Any channel could be added to any package for $2 each

Simple, fair and allows "some" choice.

Numbers can be adjusted so they make business sence but I think my point comes across... or so I hope 

-JB


----------



## Stewart Vernon (Jan 7, 2005)

jrb531 said:


> How does it appear that the status quo is working? Because we all continue to pay these wild rates?


Essentially, that is it in a nutshell. If most people truly wanted a la carte (in any of the various suggested scenarios) then most people could very easily petition with the threat of cancelling their pay TV... and change would have to come or the market would collapse.

As long as you keep paying the bills, it implies support for the system. Truly want change? You have to fight for it. That's the American way!


----------



## James Long (Apr 17, 2003)

Say you were a channel provider who had a variety of channels to provide.
You're looking at covering your costs and making a little money - after paying for the rights to the programming you wish to air and your other costs you set a price based on getting a certain number of subscribers.

If you can get on the 'basic' tier of systems that per subscriber charge can be lower than if you are an 'a la carte' request channel for you to make the money you wish to make.

This is also understanding that if your channel carries advertising (most do) you can more easily sell advertising and charge more if you are in a higher number of subscriber homes. Ratings are good, but you can't get ratings unless you're in homes in the first place. So, as a channel provider, you want to be in as many homes as possible.

I mentioned that you provide more than one channel.
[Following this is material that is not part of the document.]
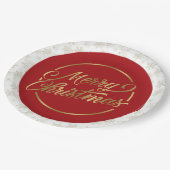 赤と金ゴールドメリークリスマス紙プレート ペーパープレート (アングル)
Selling them individually may work, but convincing viewers that they need CH2 when they already have a CH1 from you might be a challenge. (One trick is to take half of your best programming and move it to CH2, but that ticks off CH1 viewers.) Bundling these two channels together and selling them as one serves you and your viewers - and it isn't all about the money - since you may sell the bundle for less than the individual channels.

Back to the advertising for a moment. Each channel with advertising has a certain number of minutes available for advertising. You can try to increase the number of minutes but there is a pain threshold where you lose viewers because they forgot what they were watching when the ads started and changed to another channel. Adding the second channel is a way of increasing the space available for ads. When your viewers get tired of your CH1 they can always flip to your CH2 - and still see the ads you're getting paid to air.

Factoring in the advertising, you will make more money having two channels on the air than one. So you can afford to charge less for a pair than a single, and less for a set than a pair. For one channel you charge $3.85, for two you charge $3.65, for three you charge $3.25, for four or five you charge $3.10 . Not $3.10 per channel but for all five channels ... and you can AFFORD to do that knowing that with the extra channels you have extra ad space and an extra chance of having something on your five channels that the viewer paying $3.10 is willing to watch.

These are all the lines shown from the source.